- **WHAT IS REQUIRED**
Within the records below, reproduce without change the lines from the line that has "Byggarbetsplats för bostadsproduktion." through the line that has "Art Deco beeld", and only those.

- **TASK INPUTS**
────────
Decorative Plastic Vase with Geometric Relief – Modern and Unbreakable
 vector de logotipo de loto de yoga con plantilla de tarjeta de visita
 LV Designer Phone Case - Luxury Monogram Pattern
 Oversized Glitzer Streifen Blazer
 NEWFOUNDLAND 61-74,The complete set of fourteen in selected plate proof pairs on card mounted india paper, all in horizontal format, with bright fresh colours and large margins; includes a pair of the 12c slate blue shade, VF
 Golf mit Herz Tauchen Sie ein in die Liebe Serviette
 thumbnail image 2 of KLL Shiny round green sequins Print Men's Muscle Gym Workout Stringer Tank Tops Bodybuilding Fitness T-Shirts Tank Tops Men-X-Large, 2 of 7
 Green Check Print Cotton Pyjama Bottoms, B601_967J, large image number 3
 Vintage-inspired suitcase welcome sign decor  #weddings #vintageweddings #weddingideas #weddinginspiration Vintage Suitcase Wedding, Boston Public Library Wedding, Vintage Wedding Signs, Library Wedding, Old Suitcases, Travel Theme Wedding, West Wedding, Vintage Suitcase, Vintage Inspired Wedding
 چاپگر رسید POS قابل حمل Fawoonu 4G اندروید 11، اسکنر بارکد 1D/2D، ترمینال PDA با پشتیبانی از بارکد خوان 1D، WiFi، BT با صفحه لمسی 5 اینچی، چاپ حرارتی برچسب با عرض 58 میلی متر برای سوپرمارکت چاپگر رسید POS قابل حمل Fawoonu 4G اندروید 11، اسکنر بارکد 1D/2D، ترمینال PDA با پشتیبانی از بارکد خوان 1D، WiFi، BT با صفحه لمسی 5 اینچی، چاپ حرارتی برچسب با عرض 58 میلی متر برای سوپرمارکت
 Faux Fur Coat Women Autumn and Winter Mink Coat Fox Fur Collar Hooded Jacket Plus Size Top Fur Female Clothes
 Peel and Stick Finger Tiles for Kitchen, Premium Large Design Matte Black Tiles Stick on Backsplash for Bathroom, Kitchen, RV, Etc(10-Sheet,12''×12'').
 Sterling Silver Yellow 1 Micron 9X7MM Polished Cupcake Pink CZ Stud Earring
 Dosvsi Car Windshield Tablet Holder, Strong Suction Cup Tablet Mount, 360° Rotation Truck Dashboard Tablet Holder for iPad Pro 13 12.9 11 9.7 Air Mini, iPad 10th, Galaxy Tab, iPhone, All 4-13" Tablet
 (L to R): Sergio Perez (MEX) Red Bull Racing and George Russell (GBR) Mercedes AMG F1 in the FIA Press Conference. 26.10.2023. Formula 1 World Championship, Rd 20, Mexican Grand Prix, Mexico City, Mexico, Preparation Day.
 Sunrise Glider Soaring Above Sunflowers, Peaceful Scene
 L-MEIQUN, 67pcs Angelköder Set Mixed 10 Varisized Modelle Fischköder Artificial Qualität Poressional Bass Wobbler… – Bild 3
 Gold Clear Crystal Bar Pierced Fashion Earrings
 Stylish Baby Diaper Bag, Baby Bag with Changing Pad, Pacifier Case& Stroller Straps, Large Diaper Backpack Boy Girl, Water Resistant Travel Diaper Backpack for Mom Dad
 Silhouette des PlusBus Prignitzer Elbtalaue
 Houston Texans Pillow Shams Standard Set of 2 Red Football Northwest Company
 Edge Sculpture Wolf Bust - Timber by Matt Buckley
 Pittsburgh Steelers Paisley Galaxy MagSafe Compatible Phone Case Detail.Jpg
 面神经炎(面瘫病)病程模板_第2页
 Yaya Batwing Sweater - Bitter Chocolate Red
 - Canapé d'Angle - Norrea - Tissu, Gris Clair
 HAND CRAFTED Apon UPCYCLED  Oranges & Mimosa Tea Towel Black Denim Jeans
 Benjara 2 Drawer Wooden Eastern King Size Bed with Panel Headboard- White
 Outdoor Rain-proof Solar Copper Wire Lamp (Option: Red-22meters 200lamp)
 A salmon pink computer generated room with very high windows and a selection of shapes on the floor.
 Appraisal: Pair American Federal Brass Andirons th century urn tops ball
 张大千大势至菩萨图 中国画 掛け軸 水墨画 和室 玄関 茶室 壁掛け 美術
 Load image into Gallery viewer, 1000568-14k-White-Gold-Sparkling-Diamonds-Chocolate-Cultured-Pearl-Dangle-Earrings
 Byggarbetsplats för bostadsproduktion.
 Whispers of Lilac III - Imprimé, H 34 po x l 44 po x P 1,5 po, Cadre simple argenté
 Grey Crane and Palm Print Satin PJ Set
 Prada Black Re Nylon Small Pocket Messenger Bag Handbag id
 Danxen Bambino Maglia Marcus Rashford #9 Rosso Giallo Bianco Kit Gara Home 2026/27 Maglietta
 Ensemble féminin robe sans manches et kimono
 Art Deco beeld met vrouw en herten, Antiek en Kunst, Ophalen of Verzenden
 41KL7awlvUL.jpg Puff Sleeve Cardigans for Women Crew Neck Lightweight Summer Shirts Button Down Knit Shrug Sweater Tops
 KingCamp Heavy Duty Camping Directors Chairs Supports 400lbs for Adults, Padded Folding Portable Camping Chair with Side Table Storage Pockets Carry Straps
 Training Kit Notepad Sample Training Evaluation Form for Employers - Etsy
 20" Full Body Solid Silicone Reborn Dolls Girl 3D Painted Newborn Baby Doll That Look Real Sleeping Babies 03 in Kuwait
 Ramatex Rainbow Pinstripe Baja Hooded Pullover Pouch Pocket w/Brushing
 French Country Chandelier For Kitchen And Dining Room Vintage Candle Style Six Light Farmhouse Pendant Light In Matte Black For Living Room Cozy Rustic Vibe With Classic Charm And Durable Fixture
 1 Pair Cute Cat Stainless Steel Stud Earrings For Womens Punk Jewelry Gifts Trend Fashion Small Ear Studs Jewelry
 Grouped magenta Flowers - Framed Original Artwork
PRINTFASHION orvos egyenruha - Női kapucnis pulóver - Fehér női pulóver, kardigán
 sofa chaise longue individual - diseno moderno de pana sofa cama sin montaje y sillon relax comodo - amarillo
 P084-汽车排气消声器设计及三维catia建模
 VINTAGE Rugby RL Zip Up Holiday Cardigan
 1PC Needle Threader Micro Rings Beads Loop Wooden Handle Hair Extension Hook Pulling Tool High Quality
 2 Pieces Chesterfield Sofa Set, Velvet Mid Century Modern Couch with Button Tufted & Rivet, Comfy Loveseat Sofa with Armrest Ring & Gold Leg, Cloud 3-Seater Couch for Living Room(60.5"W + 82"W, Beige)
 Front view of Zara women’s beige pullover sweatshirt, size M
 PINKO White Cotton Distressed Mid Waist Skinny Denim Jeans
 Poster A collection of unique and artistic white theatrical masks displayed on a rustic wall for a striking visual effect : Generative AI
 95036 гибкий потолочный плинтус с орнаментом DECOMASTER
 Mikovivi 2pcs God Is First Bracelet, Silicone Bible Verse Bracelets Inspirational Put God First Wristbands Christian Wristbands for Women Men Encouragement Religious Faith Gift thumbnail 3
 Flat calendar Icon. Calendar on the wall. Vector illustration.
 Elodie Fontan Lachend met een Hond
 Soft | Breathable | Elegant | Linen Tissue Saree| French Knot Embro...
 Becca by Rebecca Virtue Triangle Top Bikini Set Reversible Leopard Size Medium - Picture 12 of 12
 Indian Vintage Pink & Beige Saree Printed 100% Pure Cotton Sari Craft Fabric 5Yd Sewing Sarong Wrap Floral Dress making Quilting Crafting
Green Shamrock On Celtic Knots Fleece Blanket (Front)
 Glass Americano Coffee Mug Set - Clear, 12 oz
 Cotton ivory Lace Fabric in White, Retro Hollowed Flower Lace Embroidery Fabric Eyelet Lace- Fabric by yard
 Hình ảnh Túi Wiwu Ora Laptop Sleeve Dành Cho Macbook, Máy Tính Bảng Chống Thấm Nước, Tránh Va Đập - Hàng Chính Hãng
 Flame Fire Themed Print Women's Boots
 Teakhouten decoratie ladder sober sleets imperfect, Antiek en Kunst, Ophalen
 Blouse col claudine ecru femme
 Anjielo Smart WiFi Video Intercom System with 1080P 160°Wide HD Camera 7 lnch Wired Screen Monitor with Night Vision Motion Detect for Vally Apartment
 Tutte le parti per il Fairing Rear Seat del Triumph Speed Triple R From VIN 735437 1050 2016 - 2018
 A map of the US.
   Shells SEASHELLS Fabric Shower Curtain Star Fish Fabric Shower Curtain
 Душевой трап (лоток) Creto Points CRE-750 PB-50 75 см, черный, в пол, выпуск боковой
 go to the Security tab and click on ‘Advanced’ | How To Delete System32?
────────
- **EXERCISE SOLUTION**
 Byggarbetsplats för bostadsproduktion.
 Whispers of Lilac III - Imprimé, H 34 po x l 44 po x P 1,5 po, Cadre simple argenté
 Grey Crane and Palm Print Satin PJ Set
 Prada Black Re Nylon Small Pocket Messenger Bag Handbag id
 Danxen Bambino Maglia Marcus Rashford #9 Rosso Giallo Bianco Kit Gara Home 2026/27 Maglietta
 Ensemble féminin robe sans manches et kimono
 Art Deco beeld met vrouw en herten, Antiek en Kunst, Ophalen of Verzenden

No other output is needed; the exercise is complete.